-------- Data excerpts --------

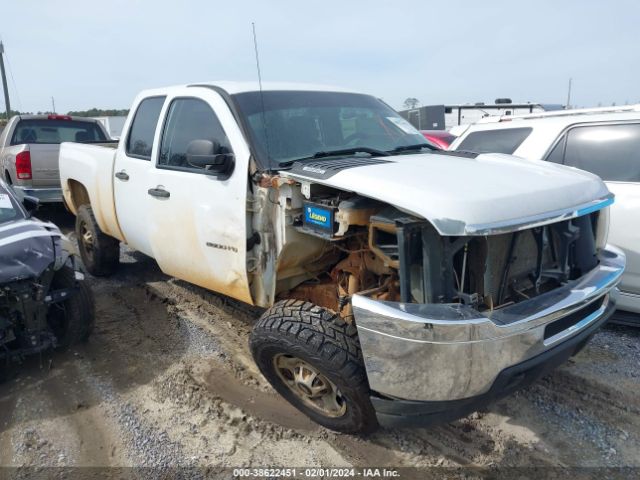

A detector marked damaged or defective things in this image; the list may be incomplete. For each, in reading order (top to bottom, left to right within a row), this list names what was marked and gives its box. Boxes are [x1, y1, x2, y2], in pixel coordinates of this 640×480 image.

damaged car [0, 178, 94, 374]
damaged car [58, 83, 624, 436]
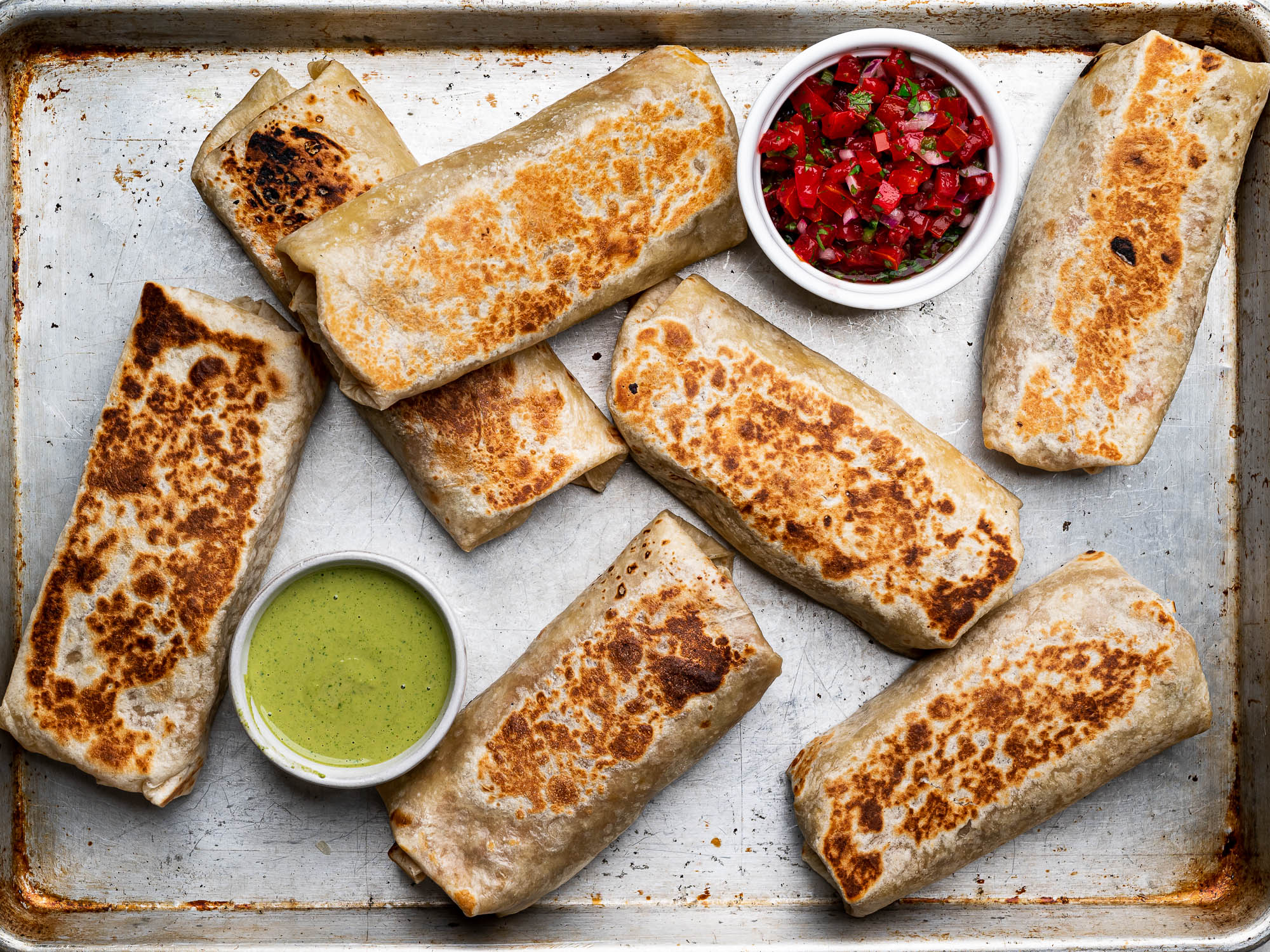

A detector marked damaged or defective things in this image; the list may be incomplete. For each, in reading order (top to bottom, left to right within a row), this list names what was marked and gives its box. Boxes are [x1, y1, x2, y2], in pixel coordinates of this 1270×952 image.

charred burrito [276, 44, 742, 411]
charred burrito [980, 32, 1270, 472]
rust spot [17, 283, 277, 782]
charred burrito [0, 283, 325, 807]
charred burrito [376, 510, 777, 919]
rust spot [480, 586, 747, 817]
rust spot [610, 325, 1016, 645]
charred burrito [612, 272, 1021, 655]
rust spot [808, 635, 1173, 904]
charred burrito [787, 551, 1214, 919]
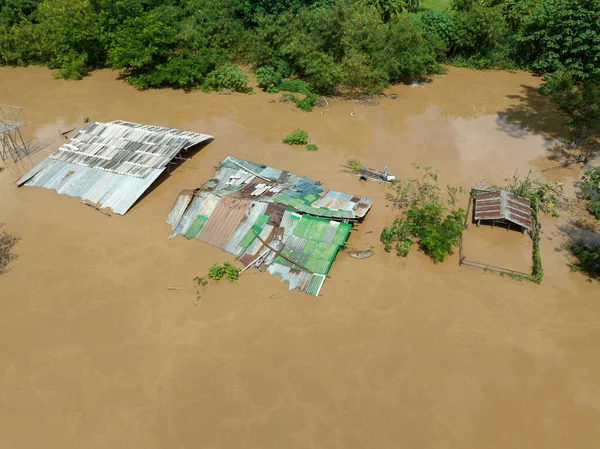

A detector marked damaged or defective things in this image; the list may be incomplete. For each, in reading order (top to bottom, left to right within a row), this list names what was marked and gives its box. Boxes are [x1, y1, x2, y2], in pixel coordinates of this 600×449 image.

--------

## What the task requires:
Exactly as written, reproduce the lines from the one containing "this 1270×952 image." through the last line of the entries above, and leave every picture out.

## Exercise response:
A detector marked damaged or defective things in this image; the list may be incomplete. For each, in reading order (top to bottom, left to right within a row), this list names what was marked and gives its box. Boxes are [x1, y1, x2, y2], in pixel coordinates of this 1270×952 image.

charred burrito [276, 44, 742, 411]
charred burrito [980, 32, 1270, 472]
rust spot [17, 283, 277, 782]
charred burrito [0, 283, 325, 807]
charred burrito [376, 510, 777, 919]
rust spot [480, 586, 747, 817]
rust spot [610, 325, 1016, 645]
charred burrito [612, 272, 1021, 655]
rust spot [808, 635, 1173, 904]
charred burrito [787, 551, 1214, 919]

A detector marked damaged or defective things in this image; the list may be incomplete. For each, in reading order (top to bottom, left to right within a row), this list names what was marked and gives its box. Boxes are [x1, y1, x2, y2], in pixel coordinates of this 600×449 image.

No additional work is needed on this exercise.